1994: A chain-reaction crash in Interstate 80 near West Middlesex, Pa., involving five cars, two buses and three trucks injures 30 people and shuts down the road in both directions for hours. The buses were part of a convoy returning security works to Chicago after they worked at Woodstock ’94.

Niles Mayor Ralph Infante says he is negotiating with city employee unions on a plan that would allow city workers to move outside the city after they’ve been employed for a specific number of years.

Lear Seating Corp. of Michigan unveils its 97,000-square-foot plant on Bailey Road that will provide seats for General Motors cars produced in the Lordstown plant.

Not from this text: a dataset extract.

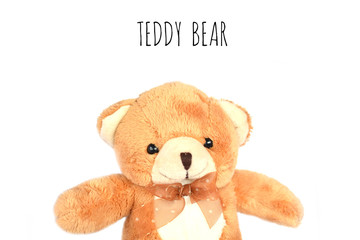 Close up teddy bear on white background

1979: A suspicious fire guts the interior of the new home of Charles McCrae, a black man who planned to move into 3917 Frederick St. in a predominantly white neighborhood in Austintown.

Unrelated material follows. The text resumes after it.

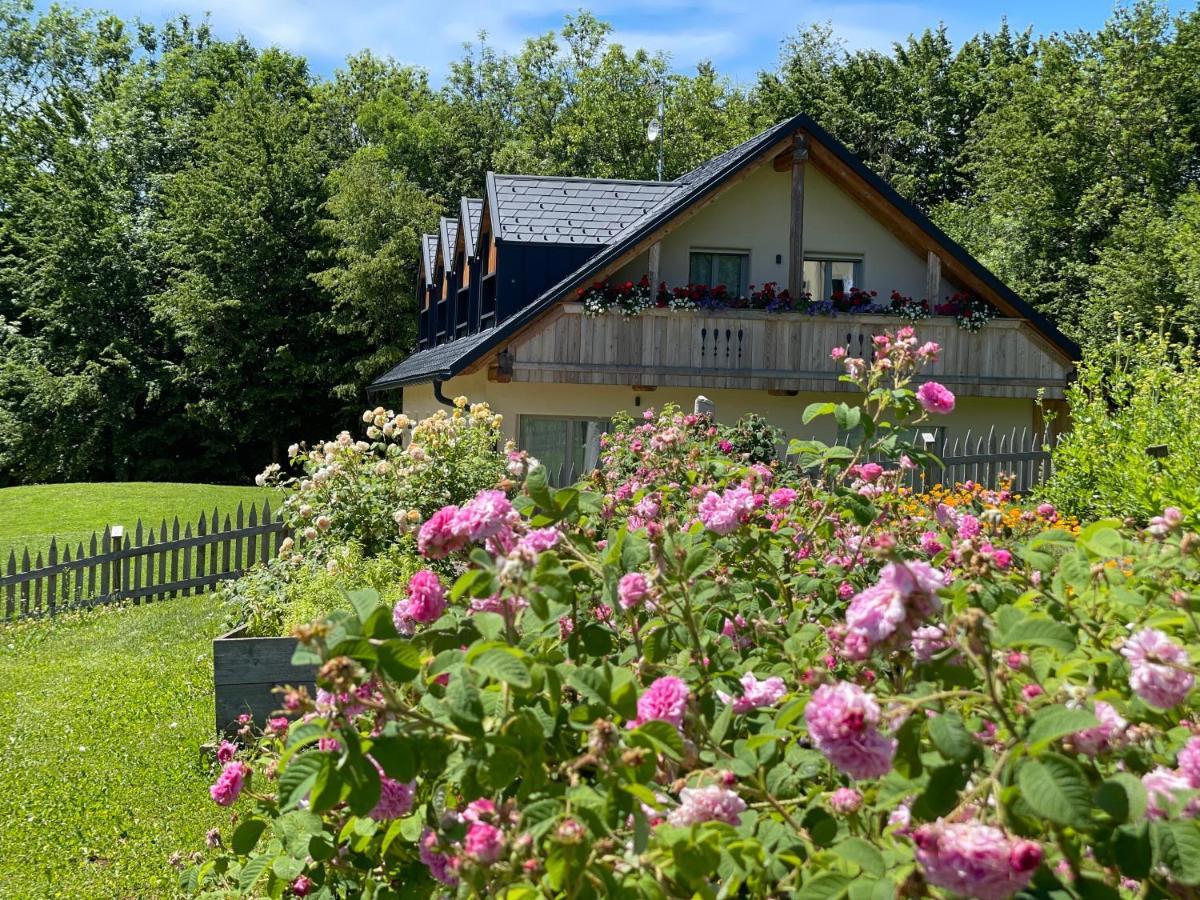 Loft Naturalpina Dolomiti Farm Беллуно Екстер'єр фото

Sharon Steel Corp. reports second quarter net earnings of $30 million, a record, on sales of $270 million.

Elden R. Groves, editor of Farm and Dairy, which is published in Salem, says family farms are getting larger, but they are still family-owned and dominate American agriculture.

1969: A controversial trainload of World War I phosgene gas trundles through Youngstown on the Baltimore & Ohio Railroad during the night, on its way from Colorado to New York for disposal.

Lawrence F. Pontuti, former Woodrow Wilson athlete, is named principal of East Palestine High School.

The Canfield Swim Club Inc. opens its $133,000 pool. Plans are underway for construction of tennis, basketball and volleyball courts.

1944: T/Sgt. William Jarvis Jr., 21, home on furlough from Camp Sutton, drowns in the Lincoln Park pool after being stricken with heat cramps.

All restaurants charging more than 5 cents for a cup of coffee must prove that they had charged that amount between Oct. 4 and 10, 1942.

Youngstown Schools Superintendent Paul C. Bunn says that a nearly complete staff has been assembled for the opening of school, despite manpower shortages.